Neurogenesis has been correlated with hippocampally dependent learning experiences. For instance, trace eye blink conditioning and spatial learning (both hippocampally dependent tasks) in animals lead to an increase in the number of neurons – this happens through an extension in the survival of neurons rather than an increase in their production. There appears to be a critical period following cell production such that learning occurring in this period increases neuronal lifespan.

All the above factors that affect adult neurogenesis in the dentate are interpreted, along with the evidence of their continual addition in several areas of the vertebrate brain, as indicating that it is functionally significant and not a mere relic left over from evolution.

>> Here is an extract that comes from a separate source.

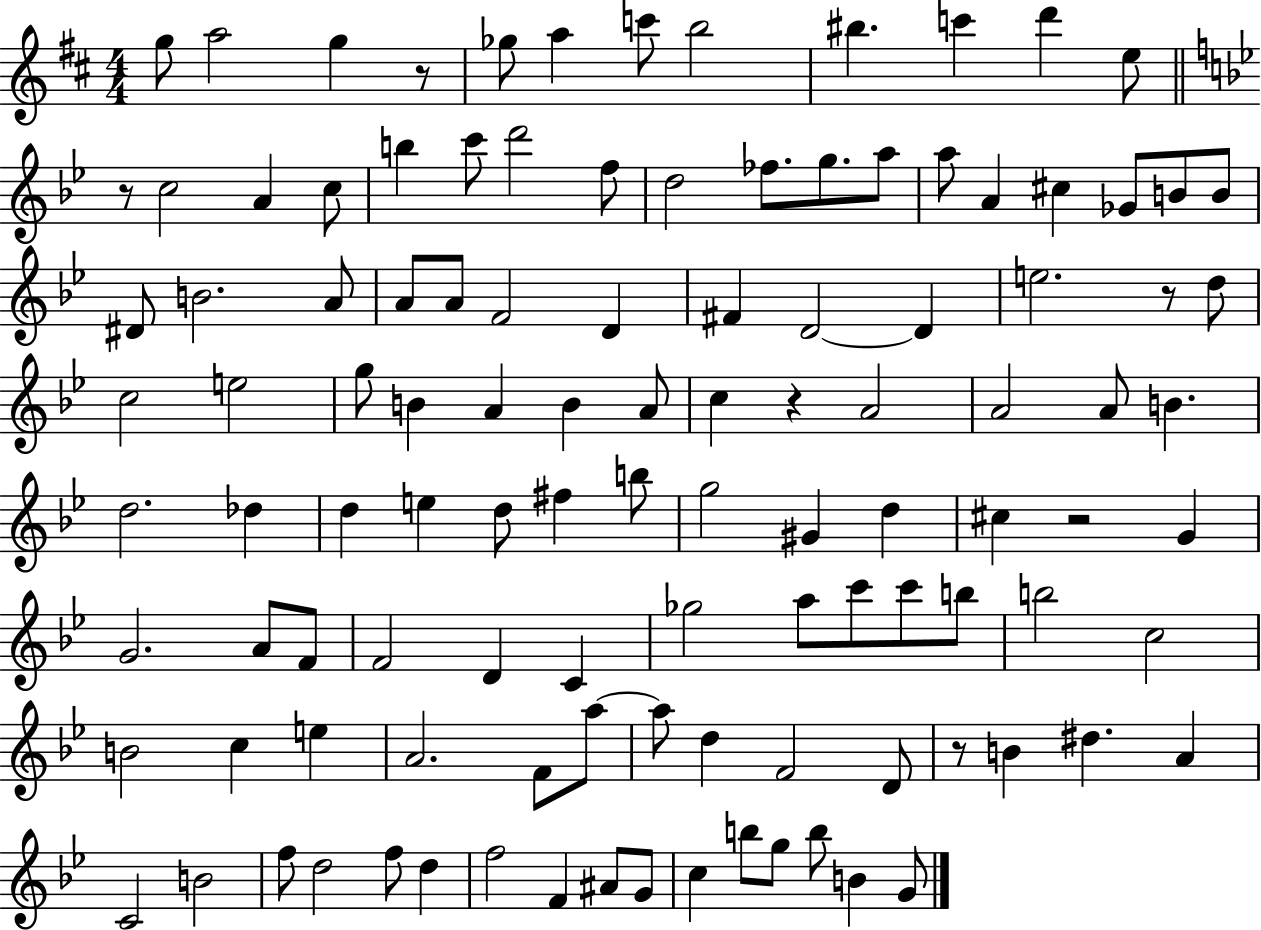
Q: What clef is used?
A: treble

2.3 Function of neurogenesis

An important question in the context of adult neurogenesis is whether it subserves a valid function or is simply a vestige of development (Gross, 2000). We will first look at some evidence that suggests that it has a useful role to play, and then look at what exactly that role may be (Kempermann, 2002; Nottebohm, 2002) and how it is achieved.

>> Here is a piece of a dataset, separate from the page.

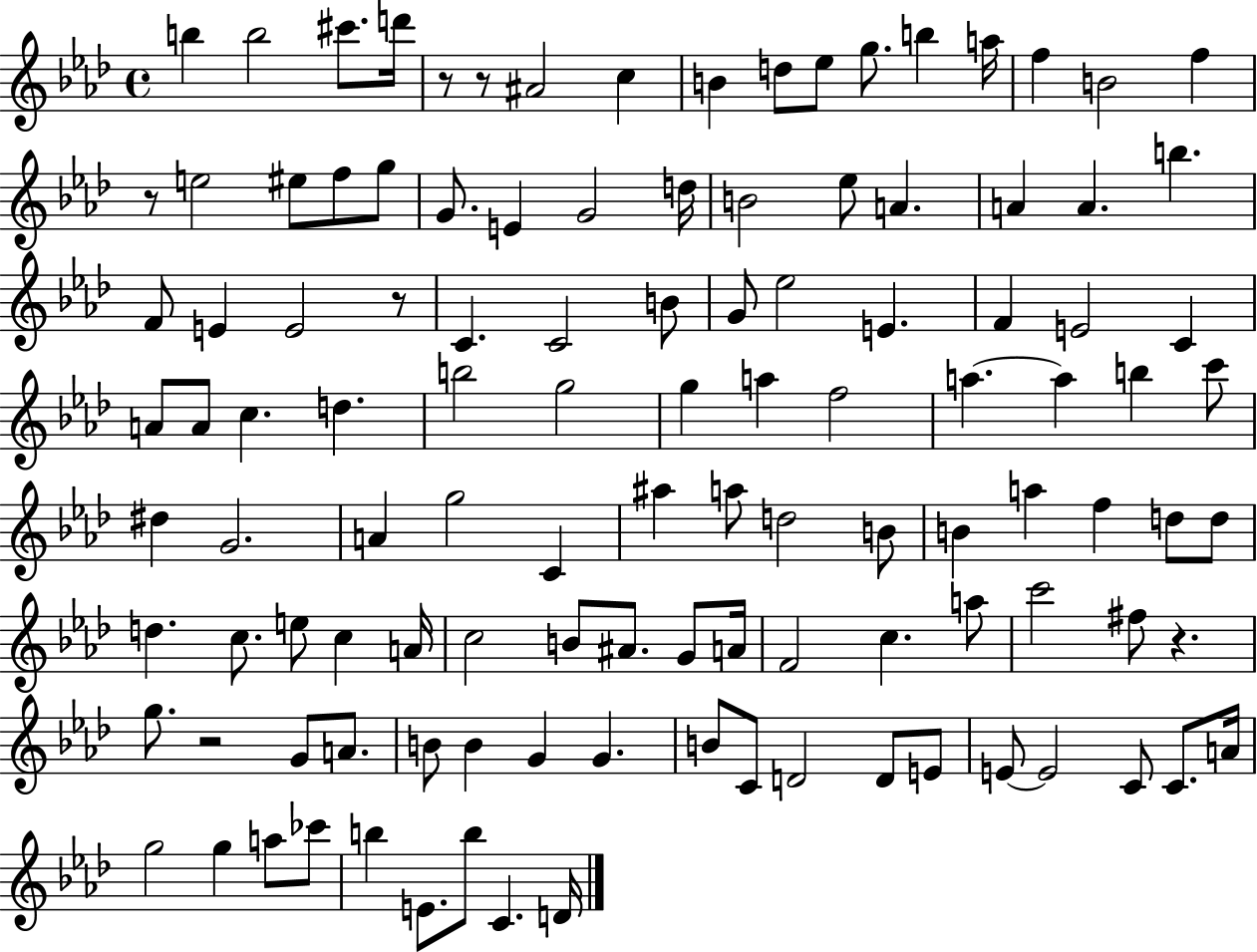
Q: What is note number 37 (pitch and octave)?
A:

New hippocampal neurons are suspected of having a role in learning and memory. Several pieces of evidence have been suggested (Gross, 2000) in support of this argument. New neurons are added to structures that are important for learning and memory (like the hippocampus, lateral prefrontal cortex, inferior temporal cortex, and posterior parietal cortex). Several conditions that are detrimental to the proliferation of granule cells in the dentate (like stress, increased levels of glucocorticoids, etc) are also implicated in lower performance in hippocampally dependent learning tasks and this suggests a causal link between the two. Several conditions that increase proliferation (like enriched environments, increased oestrogen levels, wheel running, etc) also enhance performance. Increases in social complexity have been found to enhance the survival of new neurons in birds (Lipkind et al., 2002). However, it is to be noted that in the cases of both positive and negative modulators of neurogenesis, other factors such as changes in the dendritic structure of synapses can contribute to changes in learning performance. Finally, adult generated neurons may share some properties with embryonic and early postnatal neurons in their ability to extend axons, form new connections more readily, and to make more synapses (!)}. Granule cells in the dentate show LTP of greater duration in younger rats compared with older ones, and adult generated granule cells appear to have a lower threshold for LTP. More speculatively, Gross (Gross, 2000) suggests that the transient nature of many adult neurons could mediate the conversion of short term memory (encoded in their activity patterns) to long term memory (involving a transfer of these activity patterns to older circuits followed by the death of these new cells). A curious fact is that the lifetimes of the new adult-generated cells in the rat and macaque dentate are three and nine weeks respectively, which correspond to the approximate time of hippocampal storage in these species. Thus, learning and memory may involve the construction of entirely new circuits with new or unused elements (structural plasticity through neurogenesis (discussed here), spine motility (Lendvai et al., 2000), and synaptogenesis (Zito and Svoboda, 2002)), as well as the modulation of existing circuits (synaptic efficacy change, (Martin and Morris, 2002)).